[Task instructions]
Each line must appear in the answer exactly as it does in the data.

[Extracted data entries]
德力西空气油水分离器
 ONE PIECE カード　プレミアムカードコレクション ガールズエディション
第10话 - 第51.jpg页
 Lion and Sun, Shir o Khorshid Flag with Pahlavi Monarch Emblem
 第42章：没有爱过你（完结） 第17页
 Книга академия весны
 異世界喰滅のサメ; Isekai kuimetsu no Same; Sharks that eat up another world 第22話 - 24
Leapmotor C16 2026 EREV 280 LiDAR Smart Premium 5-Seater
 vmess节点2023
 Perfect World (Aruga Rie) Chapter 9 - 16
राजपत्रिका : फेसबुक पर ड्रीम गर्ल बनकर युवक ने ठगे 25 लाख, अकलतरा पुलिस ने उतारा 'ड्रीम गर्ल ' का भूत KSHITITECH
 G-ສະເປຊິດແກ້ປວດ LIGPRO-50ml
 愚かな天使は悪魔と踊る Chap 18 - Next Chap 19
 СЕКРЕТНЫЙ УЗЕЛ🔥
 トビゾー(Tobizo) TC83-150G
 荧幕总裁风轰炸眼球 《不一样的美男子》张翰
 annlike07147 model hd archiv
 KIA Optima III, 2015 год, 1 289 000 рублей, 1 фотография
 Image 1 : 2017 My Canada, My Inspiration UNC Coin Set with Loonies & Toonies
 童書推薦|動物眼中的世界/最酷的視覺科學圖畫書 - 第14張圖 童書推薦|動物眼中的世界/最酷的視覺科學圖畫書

[Completed exercise]
德力西空气油水分离器
 ONE PIECE カード　プレミアムカードコレクション ガールズエディション
第10话 - 第51.jpg页
 Lion and Sun, Shir o Khorshid Flag with Pahlavi Monarch Emblem
 第42章：没有爱过你（完结） 第17页
 Книга академия весны
 異世界喰滅のサメ; Isekai kuimetsu no Same; Sharks that eat up another world 第22話 - 24
Leapmotor C16 2026 EREV 280 LiDAR Smart Premium 5-Seater
 vmess节点2023
 Perfect World (Aruga Rie) Chapter 9 - 16
राजपत्रिका : फेसबुक पर ड्रीम गर्ल बनकर युवक ने ठगे 25 लाख, अकलतरा पुलिस ने उतारा 'ड्रीम गर्ल ' का भूत KSHITITECH
 G-ສະເປຊິດແກ້ປວດ LIGPRO-50ml
 愚かな天使は悪魔と踊る Chap 18 - Next Chap 19
 СЕКРЕТНЫЙ УЗЕЛ🔥
 トビゾー(Tobizo) TC83-150G
 荧幕总裁风轰炸眼球 《不一样的美男子》张翰
 annlike07147 model hd archiv
 KIA Optima III, 2015 год, 1 289 000 рублей, 1 фотография
 Image 1 : 2017 My Canada, My Inspiration UNC Coin Set with Loonies & Toonies
 童書推薦|動物眼中的世界/最酷的視覺科學圖畫書 - 第14張圖 童書推薦|動物眼中的世界/最酷的視覺科學圖畫書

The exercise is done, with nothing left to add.